= Beginning of Section =
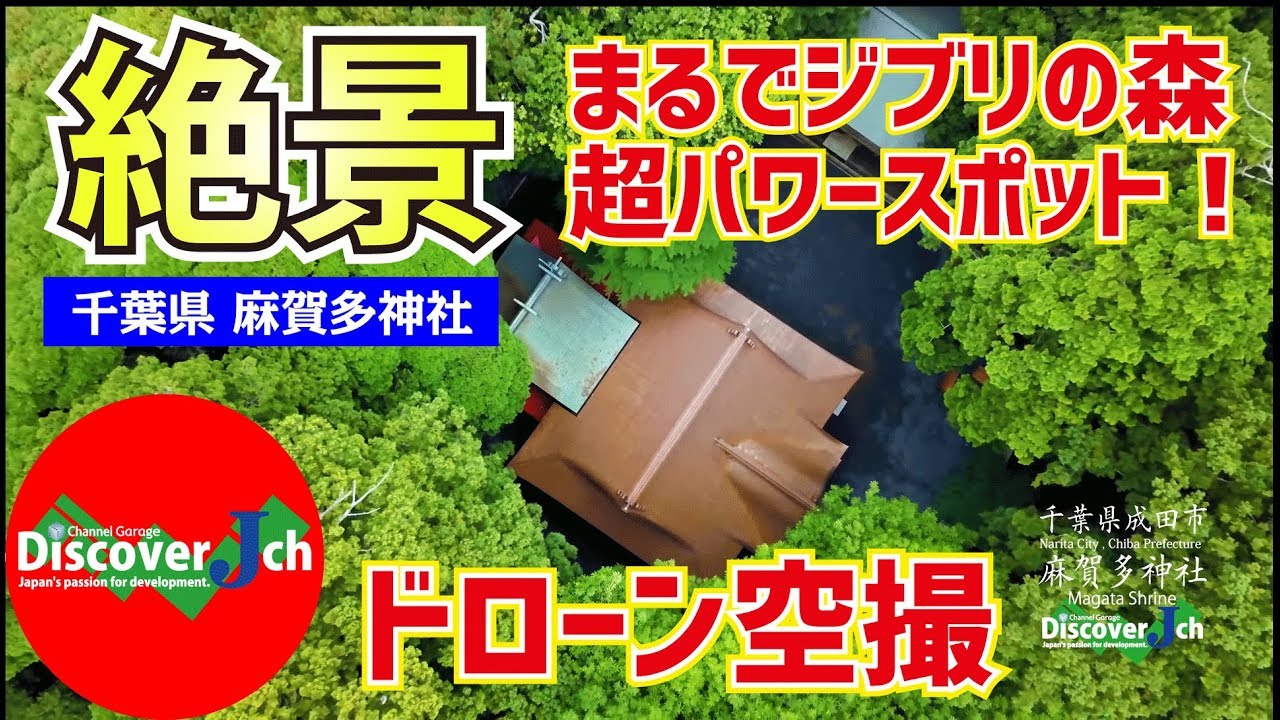 知る人ぞ知る成田の隠れパワースポット！千葉県 成田市 麻賀多神社【絶景 ドローン 空撮 4K】パワースポット　ヒーリング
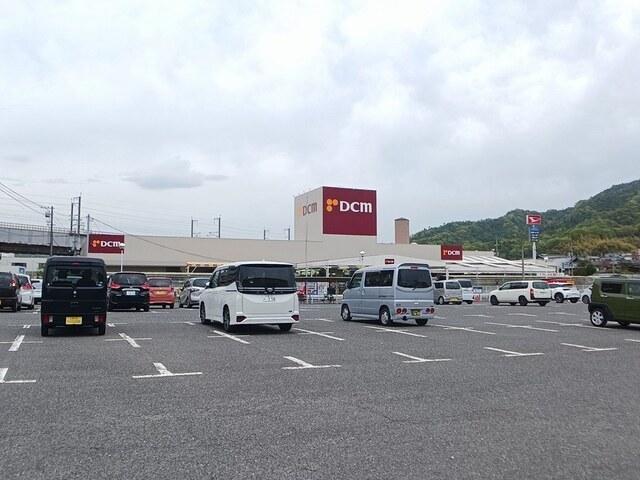 DCM五日市店：750m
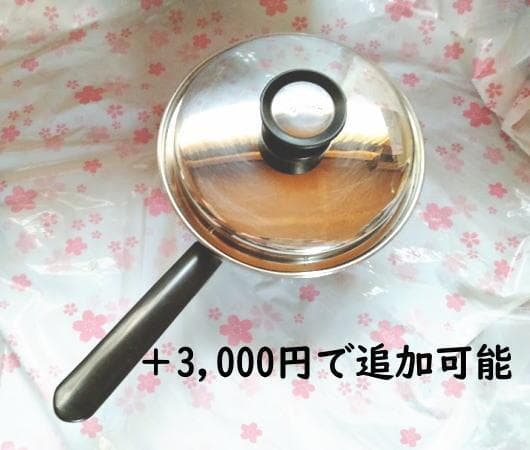 ぴょんさん！Amway アムウェイ クイーン 小、中 鍋 ３点セット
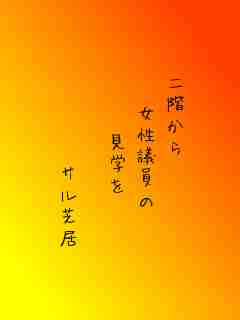 川柳イメージ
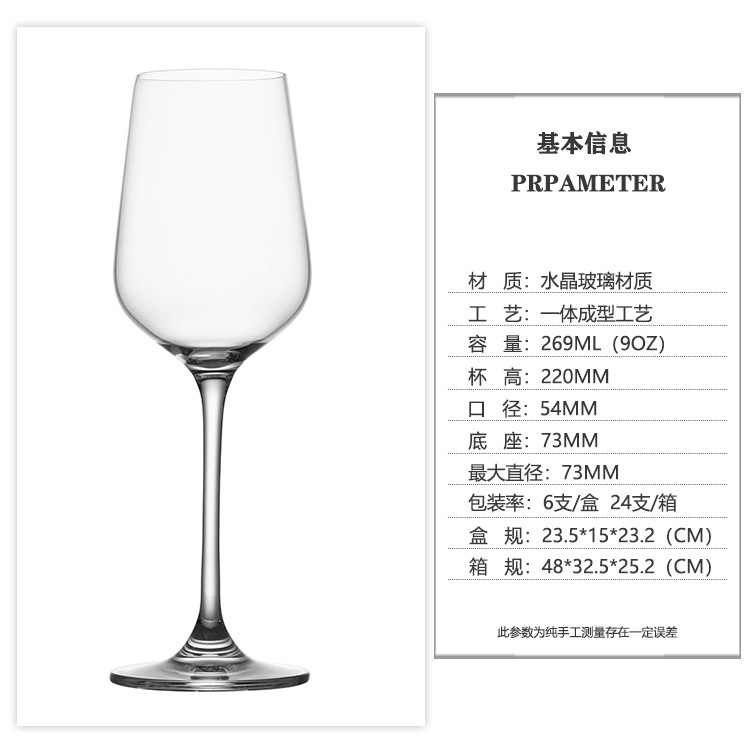 【269ml】아름다운 다리 레드 와인 잔
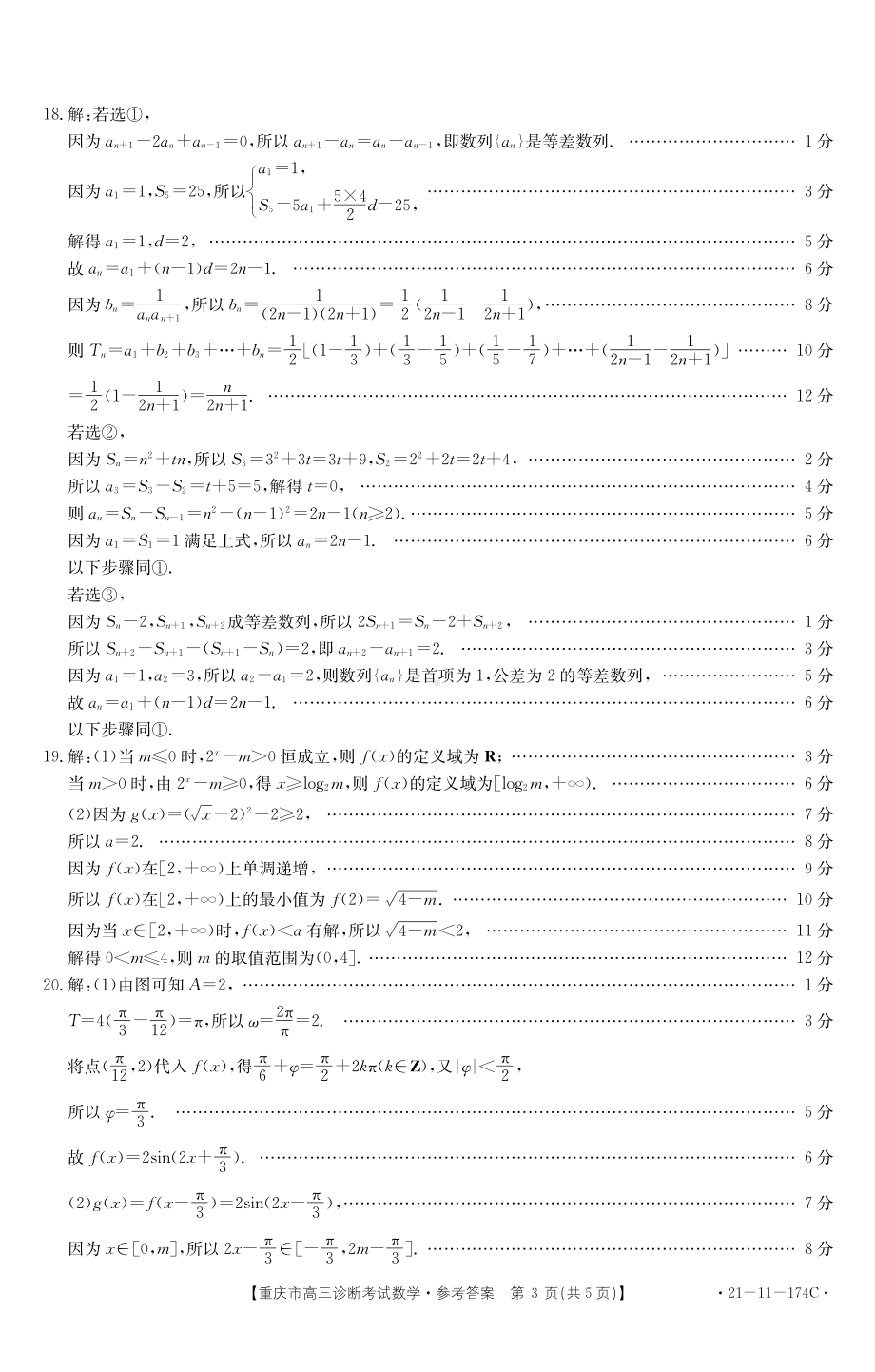 重庆市2021届高三诊断性考试数学试题12月15日 答案.pdf_第3页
= End of Section =
> [WHAT NEEDS TO BE DONE]:
The records above are to be duplicated exactly, pictures left out.

> [ANSWER TO THIS EXERCISE]:
 知る人ぞ知る成田の隠れパワースポット！千葉県 成田市 麻賀多神社【絶景 ドローン 空撮 4K】パワースポット　ヒーリング
 DCM五日市店：750m
 ぴょんさん！Amway アムウェイ クイーン 小、中 鍋 ３点セット
 川柳イメージ
 【269ml】아름다운 다리 레드 와인 잔
 重庆市2021届高三诊断性考试数学试题12月15日 答案.pdf_第3页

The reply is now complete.